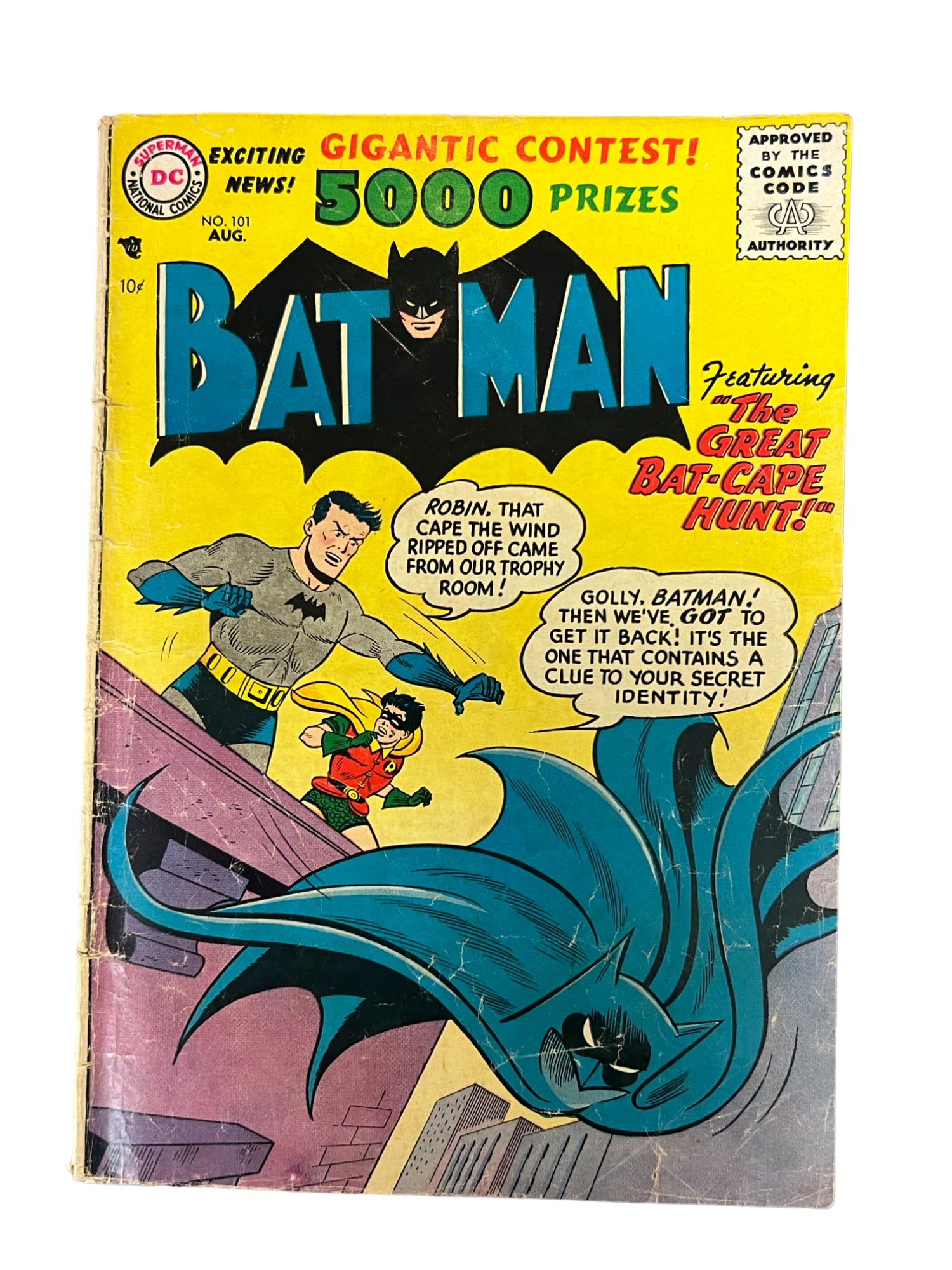 Batman #101 1956 DC The Great Bat Cape Hunt Early Silver Age Comic Book (1 of 6)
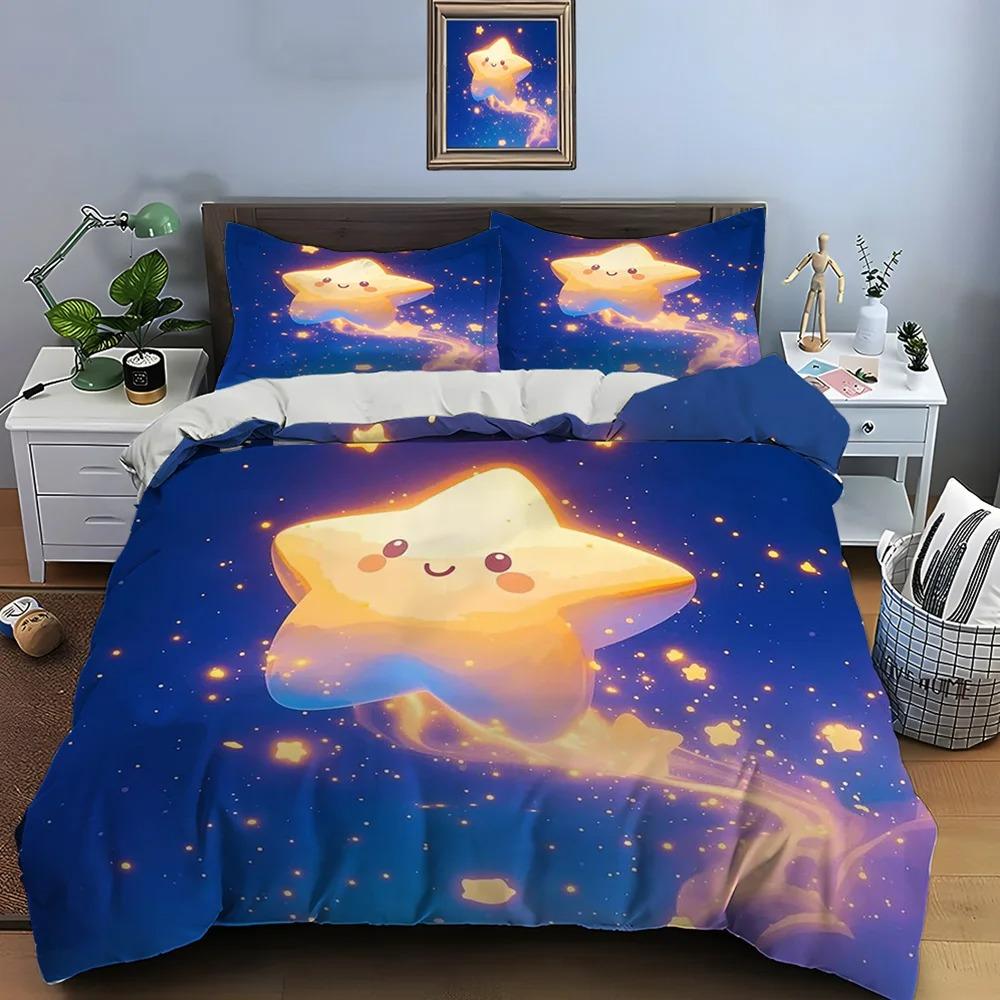 Cute Cartoon Stars Print Bedding Set Duvet Cover 1 Duvet Cover 2 Pillowcases Adult And Kids Bedding Set Luxury Boys Gifts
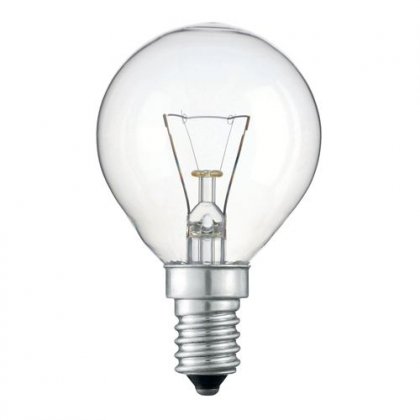 Лампа ДШ 40W E14 (уп.100шт.) шар прозрачный, цветная гофра Калашниково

┄┄┄┄┄┄┄┄┄┄┄┄┄┄┄┄┄┄┄┄

What is needed
Please copy out the whole listing exactly, minus its pictures.

Reply to the task
 Batman #101 1956 DC The Great Bat Cape Hunt Early Silver Age Comic Book (1 of 6)
 Cute Cartoon Stars Print Bedding Set Duvet Cover 1 Duvet Cover 2 Pillowcases Adult And Kids Bedding Set Luxury Boys Gifts
 Лампа ДШ 40W E14 (уп.100шт.) шар прозрачный, цветная гофра Калашниково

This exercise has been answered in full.